US bombing campaign on the Democratic Republic of Vietnam (North Vietnam) lasting from 18 to 29 December 1972 during Vietnam War.
US bombing campaign on the Democratic Republic of Vietnam (North Vietnam) lasting from 18 to 29 December 1972 during Vietnam War.
Marianne BrownKate Pound Dawson
Forty years ago last month, the United States launched the last major offensive of the Vietnam War in an effort to push the North Vietnamese government back to stalled peace talks. Those talks resumed just days after the 1972 Christmas bombings of Hanoi and Haiphong ended.

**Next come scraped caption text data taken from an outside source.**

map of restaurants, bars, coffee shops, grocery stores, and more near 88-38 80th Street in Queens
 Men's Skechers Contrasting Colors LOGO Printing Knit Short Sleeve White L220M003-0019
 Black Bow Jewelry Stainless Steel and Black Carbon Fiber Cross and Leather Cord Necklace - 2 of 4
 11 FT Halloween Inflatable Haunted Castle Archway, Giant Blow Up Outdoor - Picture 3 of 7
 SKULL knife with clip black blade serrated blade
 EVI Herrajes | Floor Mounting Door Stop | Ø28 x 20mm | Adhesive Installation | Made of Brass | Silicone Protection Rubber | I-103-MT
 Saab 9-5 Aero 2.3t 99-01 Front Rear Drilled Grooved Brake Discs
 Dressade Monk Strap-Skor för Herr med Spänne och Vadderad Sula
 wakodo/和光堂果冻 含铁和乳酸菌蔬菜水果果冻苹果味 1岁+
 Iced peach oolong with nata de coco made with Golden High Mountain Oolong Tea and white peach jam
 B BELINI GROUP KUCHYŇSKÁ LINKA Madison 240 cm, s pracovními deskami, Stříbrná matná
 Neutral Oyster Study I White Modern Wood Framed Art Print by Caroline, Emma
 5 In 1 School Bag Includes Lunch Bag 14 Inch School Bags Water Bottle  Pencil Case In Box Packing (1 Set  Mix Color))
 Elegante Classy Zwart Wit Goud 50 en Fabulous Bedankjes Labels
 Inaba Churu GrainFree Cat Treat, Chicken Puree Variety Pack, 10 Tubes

Less than a month later, January 27, 1973, a peace accord was signed, ending U.S. military action in Vietnam.
But the offensive left a battered city. Vietnam says about 1,600 people died in nearly two weeks of bombing.
Nguyen Van Cau remembers returning to his home in Hanoi on December 26th, 1972, to find it in ruins.
Cau, now 81, found only half of his wife’s body in the wreckage. She was wearing a red pull-over. The only part of his son still intact was his leg, which Cau recognized from the scar left by an accident the previous year.
Hanoi has rebuilt since then and Vietnam now does bustling trade with the United States. But three decades of war – first with France and then the United States -- left hundreds of thousands of tons of unexploded ordnance across the country. Each year scores of people are killed or maimed when they stumble across old weapons.
Bomb clean-up effort
Over the past two decades, the United States and Vietnam have combined efforts to remove those weapons.
Vietnam War veteran Chuck Searcy says more needs to be done to protect people.
Searcy is co-founder of Project Renew, an organization helping communities in central Vietnam manage mine clearance. He notes the Ministry of Defense has often said it will take 100 years and billions of dollars to clean up every bomb and mine.
But Searcy says that kind of thinking needs to change and efforts must include more education to help people avoid the hazards.
“It won’t take 100 years, it won’t take a thousand years because it will never be done and it does not need to be done,” Searcy said. “The items that are really dangerous can be better managed, and the response required to deal with those, (and) that combined with teaching the children and the adults how to be safe and how to report this ordnance when it’s found.”
Aid agencies in Vietnam estimate that since the war ended, 100,000 people have been injured or killed by old bombs. In December, four children died in Vinh Long province, in southern Vietnam, when an old mortar shell exploded.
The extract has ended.